Relationships between UK landlords and occupiers are a standing joke – or would be if any hint of laughter was not obliterated by curses. Those occupiers spend enormous amounts of money getting closer to customers, so they are in a permanent state of shock at treatment by their own space suppliers.   It all stems from a tradition of long leases, where landlords cared little for the welfare of tenants locked into paying for services over which they have no control. This is changing as leases shorten and occupiers become more demanding but there is still a long way to go.

   Some of the biggest landlords are committed to improving this fraught relationship. ‘But you can’t make progress unless you can measure what is happening,’ says Howard Morgan, managing director of consultant Kingsley Lipsey Morgan [KLM], which set up Real Service to share best practice and set benchmarks.

   This enlightened approach seems to be paying off, as the index compiled by Real Service from 25 key indicators has risen from 56 to 77 in four years. Yet only a couple of weeks ago a different index compiled by KLM for the Property Industry Alliance showed occupier satisfaction rose a mere two points last year to reach 57 out of a possible score of 100. A long-running study by Loughborough University Business School also found little improvement in the inept and often unfair way agents managed more than £4bn of service charges last year.   

   Variations are not just due to differences in perception between occupiers and landlords. The Occupier Satisfaction Index is compiled across the whole industry, whereas Real Service concentrates on market leaders. This implies that the problem lies with the mass of smaller owners and managing agents less committed to improvement. But it still shows how far the bulk of the industry falls behind standards its own customers consider critical for business success. Service charges, in particular, continue to be a running sore. Value for money again generated deepest dissatisfaction in the Property Industry Alliance survey.

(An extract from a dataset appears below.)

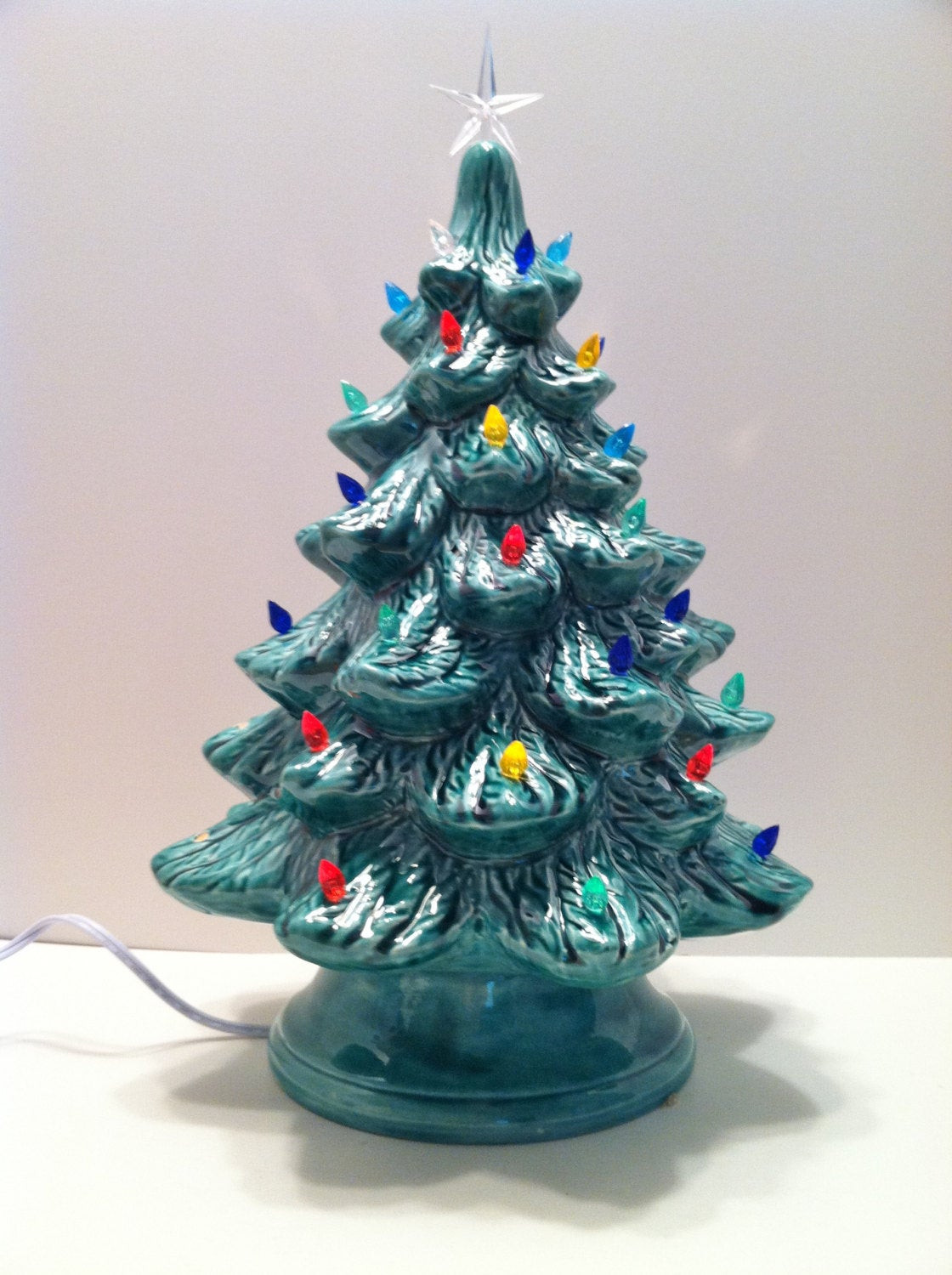 Ceramic Christmas Tree Lamp
 Ceramic Christmas Tree with Lights 16 inches by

   Managing agents get most of the flack as they deal directly with occupiers. The RICS has tried to calm resentment among occupiers - and government impatience with disputes - by toughening up the third edition of its Service Charge Code. This includes:

  Is the new code making a difference? It is still too early to tell, as the guidance notes only came into force last April, says David Barrass, managing director of service charge consultancy Property Solutions.   The Loughborough report, widely attributed with kicking the RICS into action after  revealing widespread problems several years ago, also postponed judgement when the latest update crept out with minimal fanfare in April. Lead author Dr John Calvert takes the strict academic view that there is still not enough data to produce a clear before and after view.

    But he still gave a damning indictment based on information from the report’s sample of around 4.5% of multi-let offices in England and Wales and repeated recommendations for root-and-branch changes. The report condemned slow progress, quoting the poor percentage of buildings that have achieved ‘easily measured’ key issues in the new code.  For instance, only a tiny percentage of budgets arrived one month before the charging period and only 15% were within 2% of the service charge target set by the code. Meanwhile, more than 75% of agents are still charging percentage fees.  

  ‘It appears the RICS underestimated both the scale of the problem and the industry’s willingness to tackle the shortcomings,’ says the report.

   Morgan is more optimistic. Improvements in the Real Service index are a lead indicator showing how landlords are pouring resources into improvements, he says. These will come through quickly as the rest of the industry follows.  Barrass sponsors the Loughborough study, so it is natural that he is more in tune with its pessimism.  The RICS must take a much stronger role and give the code teeth, he says. ‘Tenants are looking for reforms. No-one seems to realise the scale of change required and the money that must go into a huge amount of retraining. The RICS should be taking on this task,’ he says.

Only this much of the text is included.